On Thu, Apr 17, 2014 at 2:39 PM, Benjamin Mahler
<benjamin.mah...@gmail.com>wrote:

> Good to see you were playing around with reconciliation, we should have
> made the current semantics more clear. Especially in light of the fact that
> it's not implemented fully until one uses a strict registrar (likely
> 0.20.0).
>
> Think of reconciliation as the fallback mechanism to ensure that state is
> consistent, it's not designed to be something to inform you of things you
> were already told (in this case, that the tasks were running). Although we
> could consider sending updates even when task state remains the same.
>
>
> For the purpose of this conversation, let's say we're in the 0.20.0 world,
> operating with the registrar. And let's assume your goal is to build a
> highly available framework (I will be documenting how to do this for
> 0.20.0):
>
> (1) *When you receive a status update, you must persist this information
> before returning from the statusUpdate() callback*. Once you return from
> the callback, the driver will acknowledge the slave directly.

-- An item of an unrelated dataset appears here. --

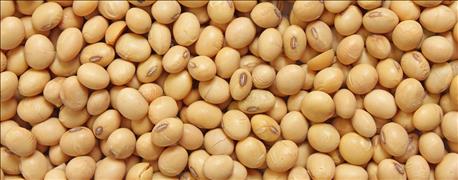 soybeans_soar_very_bullish_2016_stocks_forecast_1_635984752272010131.jpg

Slaves will
> retry status update delivery *until* the acknowledgement is received from
> the scheduler driver in order to ensure that the framework processed the
> update.
>
> (2) *When you receive a "slave lost" signal, it means that your tasks
> that were running on that slave are in state TASK_LOST*, and any
> reconciliation you perform for these tasks will result in a reply of
> TASK_LOST. Most of the time we'll deliver these TASK_LOST automatically,
> but with a confluence of Master *and* Slave failovers, we are unaware of
> which tasks were running on the slave as we do not persist this information
> in the Master.
>
> (3) To guarantee that you have a consistent view of task states. *You
> must also periodically reconcile task state against the Master*. This is
> only because the delivery of the "slave lost" signal in (2) is not reliable
> (the Master could failover after removing a slave but before telling
> frameworks that the slave was lost).
>
> You'll notice that this model forces one to serially persist all status
> update changes. We are planning to expose mechanisms to allow "batch"

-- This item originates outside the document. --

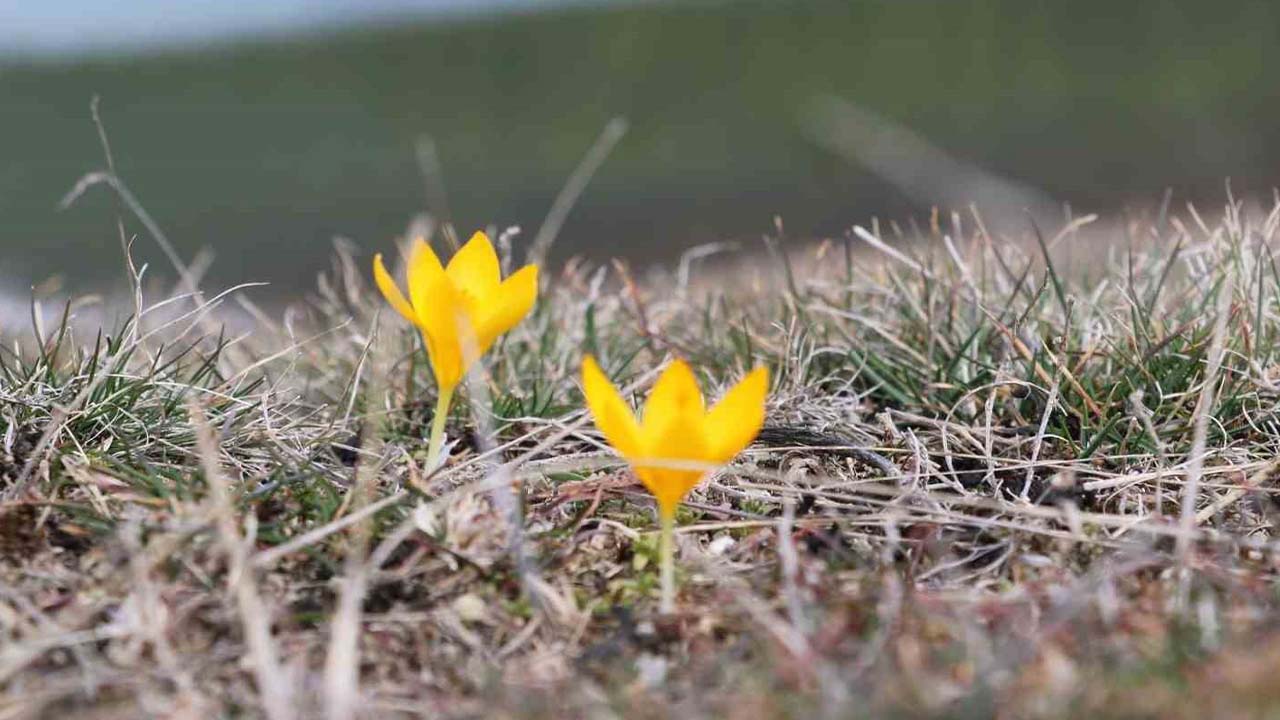 Çiğdem Pilavı (1)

> acknowledgement of status updates in the lower-level API that benh has
> given talks about. With a lower-level API, it is possible to build more
> powerful libraries that hide much of these details!
>
> You'll also perhaps notice that only (1) and (3) are strictly required for
> consistency, but (2) is highly recommended as the vast majority of the time
> the "slave lost" signal will be delivered and you can take action quickly,
> without having to rely on periodic reconciliation.
>
> Please let me know if anything here was not clear!
>
>
> On Thu, Apr 17, 2014 at 1:47 PM, Sharma Podila <spod...@netflix.com>wrote:
>
>> Should've looked at the code before sending the previous email...
>>  master/main.cpp confirmed what I needed to know. It doesn't look like I
>> will be able to use reconcileTasks the way I thought I could. Effectively,
>> a lack of callback could either mean that the master agrees with the
>> requested reconcile task state, or that the task and/or slave is currently
>> unknown. Which makes it an unreliable source of data. I understand this is
>> expected to improve later by leveraging the registrar, but, I suspect
>> there's more to it.
>>
>> I take it then that individual frameworks need to have their own
>> mechanisms to ascertain the state of their tasks.
>>
>>
>> On Thu, Apr 17, 2014 at 12:53 PM, Sharma Podila <spod...@netflix.com>wrote:
>>
>>> Hello,
>>>
>>> I don't seem to have reconcileTasks() working for me and was wondering
>>> if I am either using it incorrectly or hitting a problem. Here's what's
>>> happening:
>>>
>>> 1. There's one Mesos (0.18) master, one slave, one framework, all
>>> running on Ubuntu 12.04
>>> 2. Mesos master and slave come up fine (using Zookeeper, but that isn't
>>> relevant here, I'd think)
>>> 3. My framework registers and gets offers
>>> 4. Two tasks are launched, both start running fine on the single
>>> available slave
>>> 5. I restart my framework. During restart my framework knows that it had
>>> previously launched two tasks that were last known to be in running state.
>>> Therefore, upon getting the registered() callback, it calls
>>> driver.reconcileTasks() for the two tasks. In actuality, the tasks are
>>> still running fine. I see this in mesos master logs:
>>>
>>>     I0417 12:26:27.207361 27301 master.cpp:2154] Performing task state
>>> reconciliation for framework MyFramework
>>>
>>> But, no other logs about reconciliation.
>>>
>>> 6. My framework gets no callback about status of tasks that it requested
>>> reconciliation on.
>>>
>>> At this point, I am not sure if the lack of a callback for status update
>>> is due to
>>>   a) the fact that my framework asked for reconciliation on running
>>> state, which Mesos also knows to be true, therefore, no status update
>>>   b) Or, if the reconcile is not working. (hopefully this; reason (a)
>>> would be problematic)
>>>
>>> So, I then proceed to another test:
>>>
>>> 7. kill my framework and mesos master
>>> 8. Then, kill the slave (as an aside, this seems to have killed the
>>> tasks as well)
>>> 9. Restart mesos master
>>> 10. Restart my framework. Now, again the reconciliation is requested.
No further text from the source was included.